More mod_rewrite questions (normal webspace not ccgi)

OK so I'm trying to make a more advanced mod_rewrite configuration, and I'm experiencing a few false starts. For example I'd really like to use "Rewritecond" with the
%{REQUEST_FILENAME}  variable and -f option as I've read that I can make it check for a file and only carry out the rewrite if the file exists.
Unfortunately the path in %{REQUEST_FILENAME} is much longer than the path in the url, it seems to be the absolute path, and as such I can't use tests like
Rewritecond images/%{REQUEST_FILENAME} -f
as %{REQUEST_FILENAME} expands to something like /share/isp/plusnet/www/bu ... and so on
Update...I think this is holding now,
I've changed the Rewritecond to something like
Rewritecond /share/isp/plusnet/allthatstuff/$1 -f
and it seems to work, even though the $1 substitution appears before the expression that uses it.
It still needs some work as the pattern match is a bit squirrely still but its working so it appears that I can have files served from two or more locations
Extracting the full pathname to your webspace is tricky but I found a rule like
RewriteRule ^/?aardvark\.htm /index.htm?%{REQUEST_FILENAME} [L,R]
caused it to be written to the address bar where I could see it.
1 REPLY 1
oliverb
Grafter
Posts: 606
Registered: ‎02-08-2007

Re: More mod_rewrite questions (normal webspace not ccgi)

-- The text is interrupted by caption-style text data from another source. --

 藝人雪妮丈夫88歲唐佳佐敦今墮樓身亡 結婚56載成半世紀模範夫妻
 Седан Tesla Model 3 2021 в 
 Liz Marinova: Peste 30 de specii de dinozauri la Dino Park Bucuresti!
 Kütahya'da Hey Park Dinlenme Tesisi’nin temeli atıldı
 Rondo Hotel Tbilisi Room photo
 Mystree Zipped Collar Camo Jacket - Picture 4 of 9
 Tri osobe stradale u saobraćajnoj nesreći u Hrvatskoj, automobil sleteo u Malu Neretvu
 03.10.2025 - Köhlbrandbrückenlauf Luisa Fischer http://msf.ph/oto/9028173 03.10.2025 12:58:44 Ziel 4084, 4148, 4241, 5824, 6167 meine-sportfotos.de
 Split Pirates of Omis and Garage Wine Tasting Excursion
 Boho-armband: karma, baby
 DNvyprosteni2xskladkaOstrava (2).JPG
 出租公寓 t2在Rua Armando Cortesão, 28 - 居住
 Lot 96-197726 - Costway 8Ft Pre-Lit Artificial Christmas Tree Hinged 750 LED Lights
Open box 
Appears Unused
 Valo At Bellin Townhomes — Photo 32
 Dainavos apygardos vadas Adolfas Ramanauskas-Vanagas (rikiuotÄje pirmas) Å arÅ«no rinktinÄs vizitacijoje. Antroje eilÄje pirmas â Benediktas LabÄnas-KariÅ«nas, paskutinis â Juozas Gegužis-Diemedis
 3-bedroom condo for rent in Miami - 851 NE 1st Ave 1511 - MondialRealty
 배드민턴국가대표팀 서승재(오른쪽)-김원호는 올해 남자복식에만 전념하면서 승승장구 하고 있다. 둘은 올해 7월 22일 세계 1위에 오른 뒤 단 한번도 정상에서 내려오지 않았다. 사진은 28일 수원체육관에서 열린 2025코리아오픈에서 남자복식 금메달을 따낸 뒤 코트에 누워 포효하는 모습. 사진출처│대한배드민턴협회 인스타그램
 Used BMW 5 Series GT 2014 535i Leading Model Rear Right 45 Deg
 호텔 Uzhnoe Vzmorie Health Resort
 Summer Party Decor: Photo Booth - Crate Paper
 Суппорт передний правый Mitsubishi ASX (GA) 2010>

Can anyone help with writing a regular expression...
I'd like to match filenames that are in the root and don't have an extension.
I think something like /?([^/.]+) might do it, or maybe I need to use a negated Rewritecond rule to say if the name does have a dot in then don't execute the rule.
Somehow any expression I write ending in $ fails to match anything. Do urls have a trailing character after the filename that prevents match-to-eol?